Raoul Louper est un globe-trotter d'un genre assez particulier. Il parcourt le monde, de la Haute-Asie au continent américain, en passant par l'Afrique, afin de satisfaire sa passion pour le sable. Ce n'est pas le sable des plages à touristes qui l'intéresse, non, c'est le sable qui, sous l'action du vent, a formé de par le monde des dunes, ces collines mouvantes au relief en perpétuel mouvement.
Ainsi, de Sand Mountain (Nevada) aux dunes de Korizo (Libye) et Ming-sha-shan (Chine), Raoul Louper traverse le monde afin d'écouter les bruissements du sable qui s'écoule le long des pentes, bruissements qui, selon le lieu, forment une musique particulière, évoquant ici un coup de canon, là des roulements de tambours, parfois le son de « la corde grave d'un violoncelle ou d'une contrebasse ».
C'est en Égypte, à quelques kilomètres d'Alexandrie, que Raoul Louper a loué un appartement.
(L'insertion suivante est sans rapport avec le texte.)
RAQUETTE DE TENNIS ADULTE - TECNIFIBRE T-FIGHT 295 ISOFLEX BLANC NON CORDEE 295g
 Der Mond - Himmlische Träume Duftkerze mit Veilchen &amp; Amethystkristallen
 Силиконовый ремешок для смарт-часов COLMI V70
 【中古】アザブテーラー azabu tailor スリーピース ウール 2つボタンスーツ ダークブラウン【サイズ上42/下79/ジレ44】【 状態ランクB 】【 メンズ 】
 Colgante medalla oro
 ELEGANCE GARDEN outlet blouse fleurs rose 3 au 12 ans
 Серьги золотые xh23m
Il y a entreposé quelques souvenirs, objets ramenés de ses pérégrinations : « une pomme de pin, un gri-gri et une pierre. »
Dans un coffre, il a enfermé « trois douzaines de bocaux et de bouteilles remplis de sable, blanc, noir, toutes les teintes de rouge. »
Avec Török, un professeur hongrois marié à une égyptienne, Louper revient sur ses voyages, égrenant le passé par petites touches, évoquant les lieux qu'il a visités dans sa quête de la musique du sable, souvenirs auxquels se mêle l'évocation de trois femmes qui ont traversé son existence, trois femmes qui ont maintenant disparu de sa vie, comme du sable qui vous coule entre les doigts.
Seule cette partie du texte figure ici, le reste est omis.